§ **Your goal**: Once the line with "better in a gel than in any other type of" is found in the entries below, repeat it and each following line exactly, up to and including the line with "under the influence of electric charge.". Add no other lines.

§ **Data supplied**:
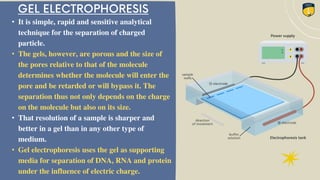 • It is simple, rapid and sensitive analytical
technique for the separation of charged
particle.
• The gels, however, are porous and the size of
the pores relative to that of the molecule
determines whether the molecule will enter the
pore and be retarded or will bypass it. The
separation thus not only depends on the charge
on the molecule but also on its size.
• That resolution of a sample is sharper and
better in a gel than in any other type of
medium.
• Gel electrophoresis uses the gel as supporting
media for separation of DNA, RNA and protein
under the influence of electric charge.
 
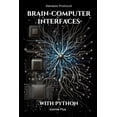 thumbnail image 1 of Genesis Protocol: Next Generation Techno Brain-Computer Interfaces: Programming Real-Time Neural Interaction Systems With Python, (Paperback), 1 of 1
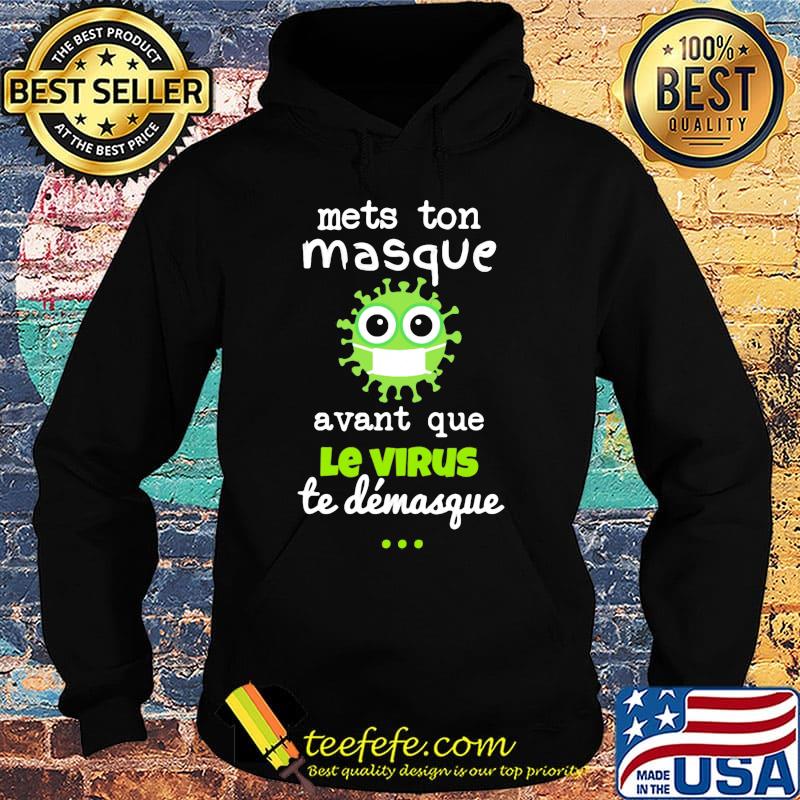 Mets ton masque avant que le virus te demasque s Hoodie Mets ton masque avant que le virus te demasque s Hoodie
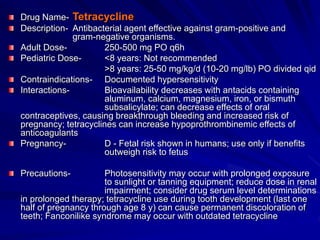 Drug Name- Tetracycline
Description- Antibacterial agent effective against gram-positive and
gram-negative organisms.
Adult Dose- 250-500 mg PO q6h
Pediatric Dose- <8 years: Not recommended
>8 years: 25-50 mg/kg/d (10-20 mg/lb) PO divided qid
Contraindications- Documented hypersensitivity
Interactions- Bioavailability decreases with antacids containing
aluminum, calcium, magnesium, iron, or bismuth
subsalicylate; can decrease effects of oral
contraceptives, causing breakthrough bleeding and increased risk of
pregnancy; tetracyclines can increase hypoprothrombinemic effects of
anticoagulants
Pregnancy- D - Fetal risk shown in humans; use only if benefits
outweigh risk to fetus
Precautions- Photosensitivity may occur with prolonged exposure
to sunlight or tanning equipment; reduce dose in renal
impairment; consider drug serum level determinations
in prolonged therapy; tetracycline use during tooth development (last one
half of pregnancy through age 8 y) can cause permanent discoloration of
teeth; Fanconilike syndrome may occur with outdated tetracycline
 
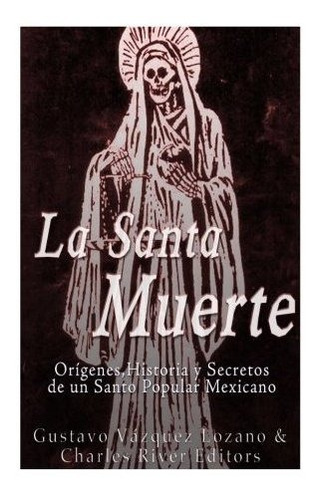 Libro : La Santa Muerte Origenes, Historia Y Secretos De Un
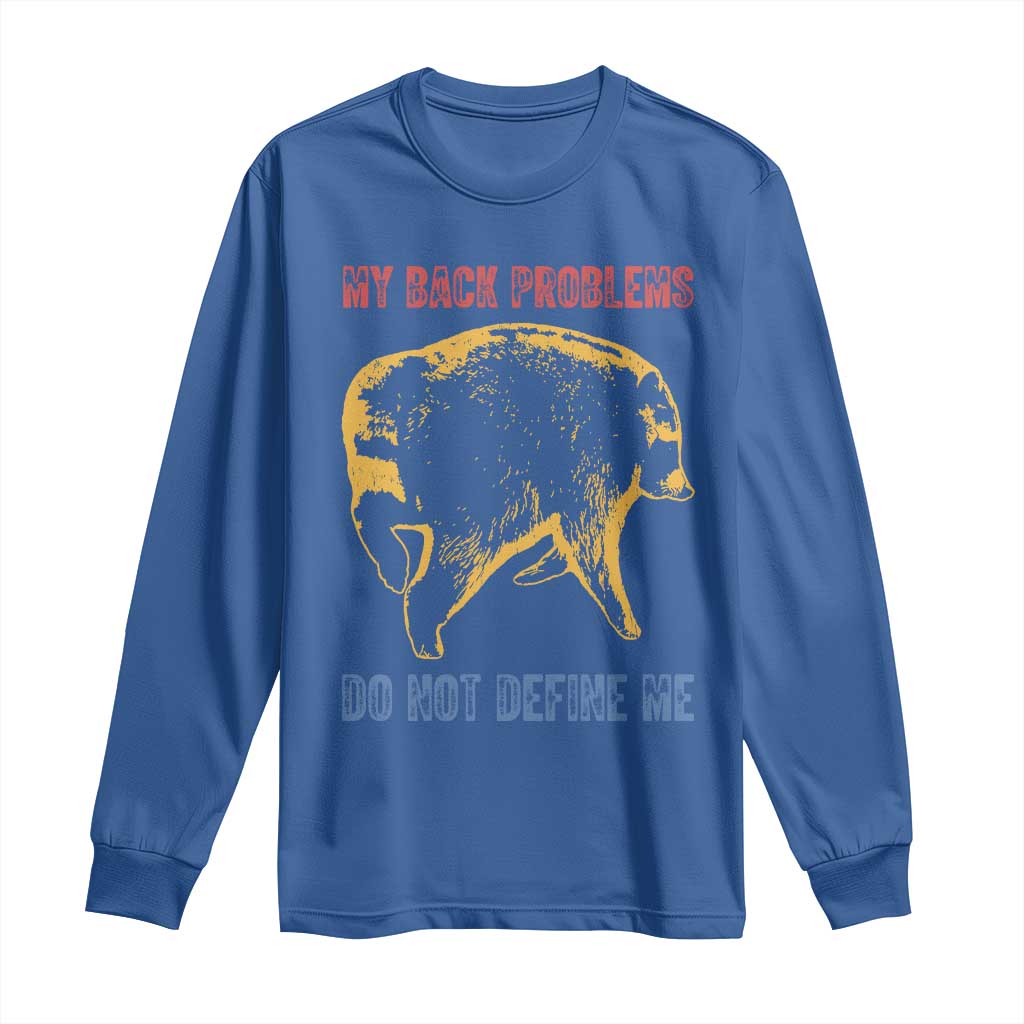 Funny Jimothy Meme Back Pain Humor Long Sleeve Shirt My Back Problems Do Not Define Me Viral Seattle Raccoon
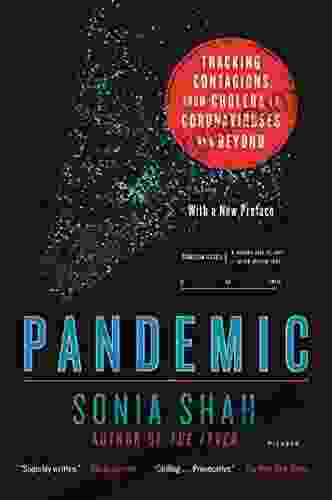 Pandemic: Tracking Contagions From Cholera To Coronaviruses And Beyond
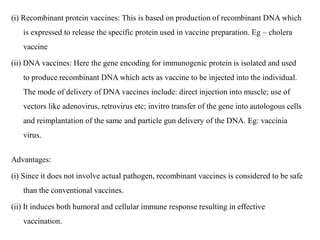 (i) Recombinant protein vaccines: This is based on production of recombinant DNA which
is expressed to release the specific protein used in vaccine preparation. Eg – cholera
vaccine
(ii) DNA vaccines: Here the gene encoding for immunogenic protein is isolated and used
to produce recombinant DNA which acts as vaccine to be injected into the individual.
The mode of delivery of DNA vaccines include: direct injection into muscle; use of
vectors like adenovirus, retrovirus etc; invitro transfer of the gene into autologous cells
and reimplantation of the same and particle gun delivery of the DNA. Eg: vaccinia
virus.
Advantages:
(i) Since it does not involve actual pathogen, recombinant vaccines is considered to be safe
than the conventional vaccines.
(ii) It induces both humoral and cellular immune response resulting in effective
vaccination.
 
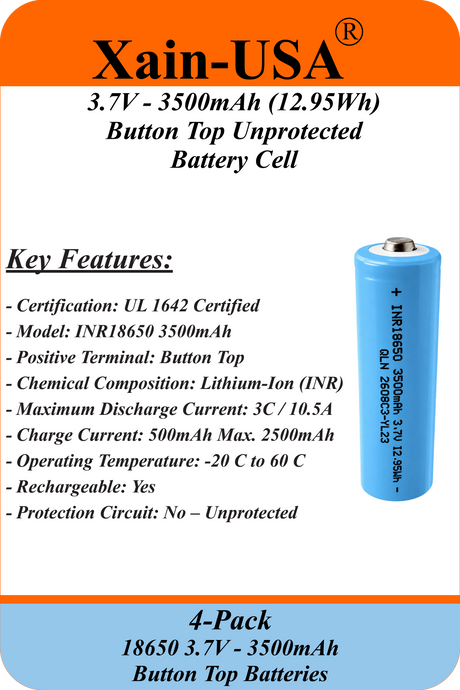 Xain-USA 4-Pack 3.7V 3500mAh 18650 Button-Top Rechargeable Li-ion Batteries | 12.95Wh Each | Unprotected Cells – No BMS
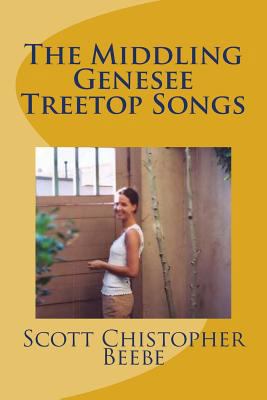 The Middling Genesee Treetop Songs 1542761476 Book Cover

§ **Exercise output**:
better in a gel than in any other type of
medium.
• Gel electrophoresis uses the gel as supporting
media for separation of DNA, RNA and protein
under the influence of electric charge.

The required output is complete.